Brunhoff makes the point, echoing Aglietta, and a point returned to by negri, bonefeld et al, that credit is also the guarantor of the future exploitation of labour.

(which makes me think of mortgages as a kind of bonded labour, though in this age of real subsumption, bureaucratically/monetarily rather than personally commanded. btw, a similar difference might also be applied to understandings of a 'return' to 19th C forms of control - from slavery replete with specific master and personal slave to workfare. --- but these are just musings for now on my part.)

ricciardi (ripe, v10), also makes the excellent point that in marx's _class struggles in France_, it is the rescheduling of debt which enables the re-assertion of bourgeois authority.
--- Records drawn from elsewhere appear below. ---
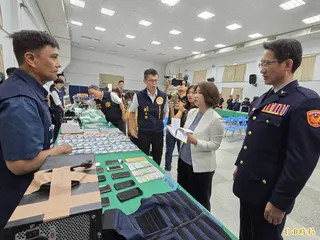 縣長周春米視察破案成果，了解地下錢莊吸血的過程。(記者葉永騫攝)
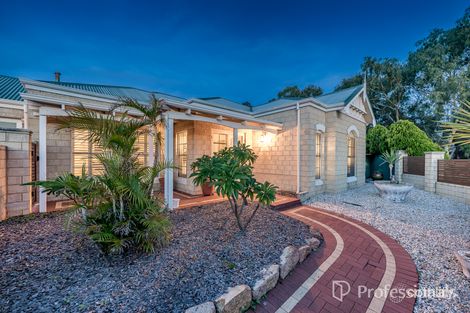 Property photo of 19 Carwoola Circle Carramar WA 6031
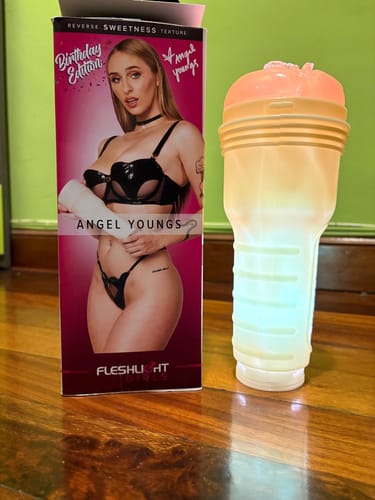 Customer photo review of Angel Youngs Birthday Cake Edition Fleshlight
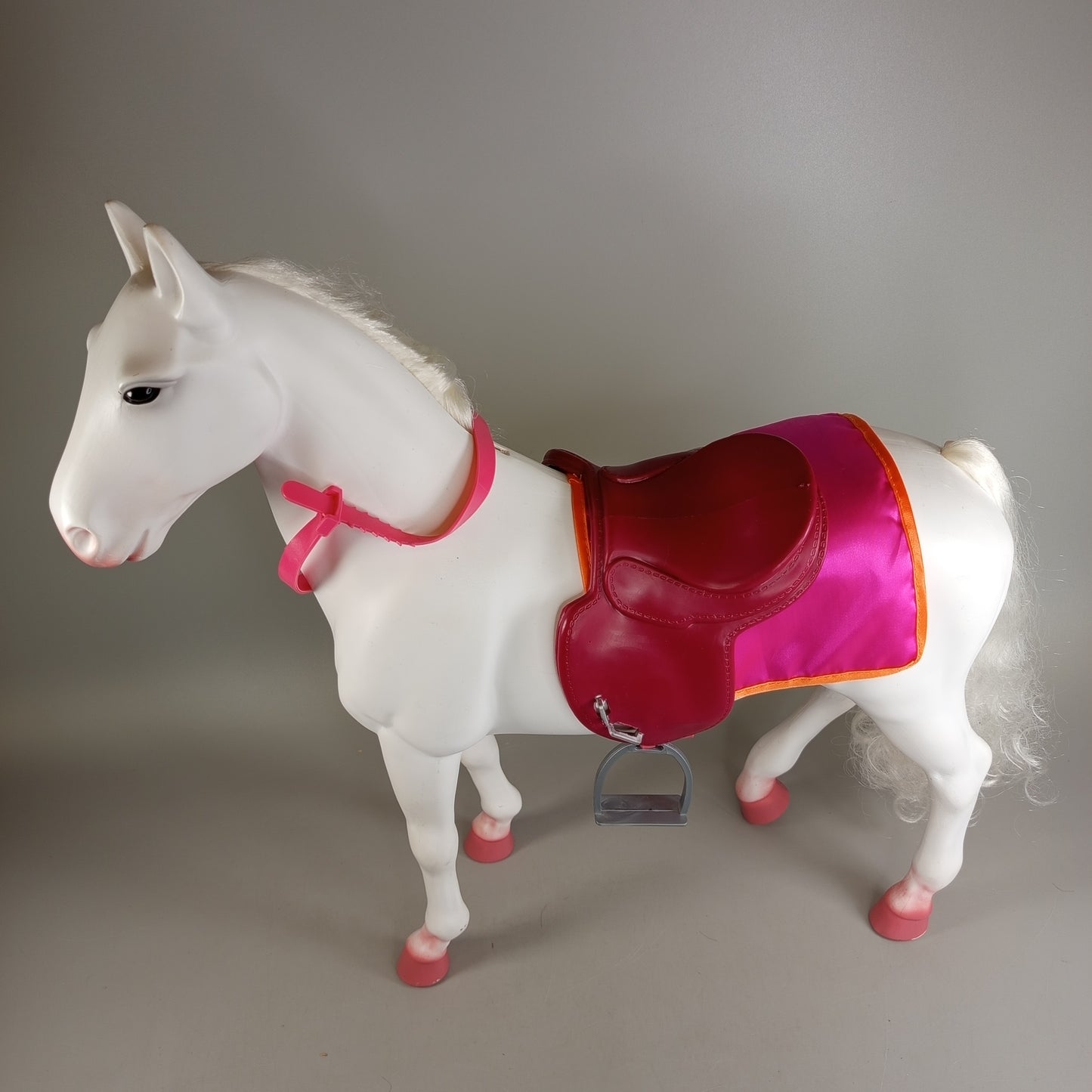 Our Generation Pferdefigur – mit Sattel, Zaumzeug & Zubehör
"Marx vehemently opposed the monetary reform schemes offered in the name of the revolution by the Proudhonists. It was not enough to win working class representation in the state while preserving capitalist relations of production and finance. In the credit advanced for concessions to the Provisional Government lay the 'rescheduling' of the time path for the bourgeois consolidation of power that ultimately crushed the working class and collected the debts of the haute banque." (p72)

of course, credit has its other side, but only if payments are demanded in full rather than continually rescheduled (as they seem to be in a global sense), but - a specific question - is this catastrophic for capital or just a crisis for a particular regime of capital accumulation?